Carl Heinrich Bloch (1834-1890), Peter’s Remorse, 1882, etching. Brigham Young University Museum of Art, 2014.
The Museum of Art has been collecting the art of Danish master Carl Bloch since 2001. That year, the museum acquired one of its signature pieces, Christ Healing the Sick at Bethesda, as well as a number of religiously-themed etchings by the artist.
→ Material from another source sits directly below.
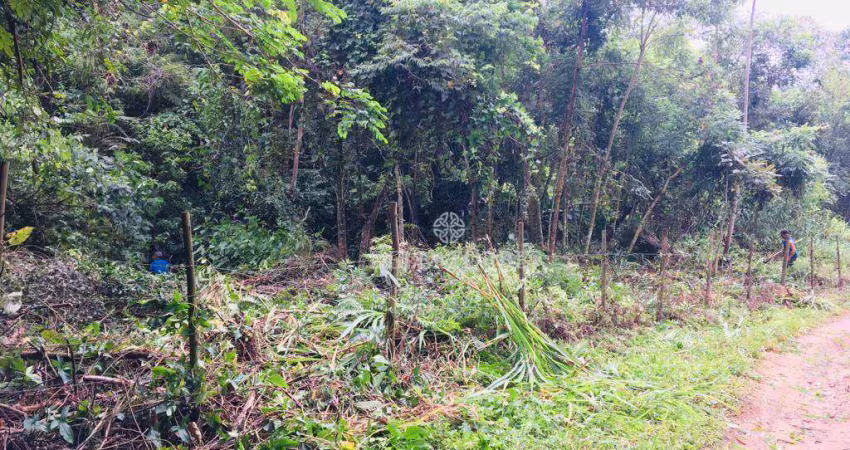 Terreno à venda, 15628 m² por R$ 250.000,00 - Itaipava - Petrópolis/RJ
Many of Bloch’s religious etchings derived from altarpieces he created for Danish churches. Peter’s Remorse, however, is a unique subject that Bloch only produced in etching form. He imbues the subject with empathic humanity characteristic of his work. The anguished Peter buries his head in his hand. A hen and a cock stand nearby, the cock throwing its head back, issuing its wrenching signal of Peter’s prophesied denial. Realizing his actions, the disciple’s form contracts inward, clutching his robe in desperate grief.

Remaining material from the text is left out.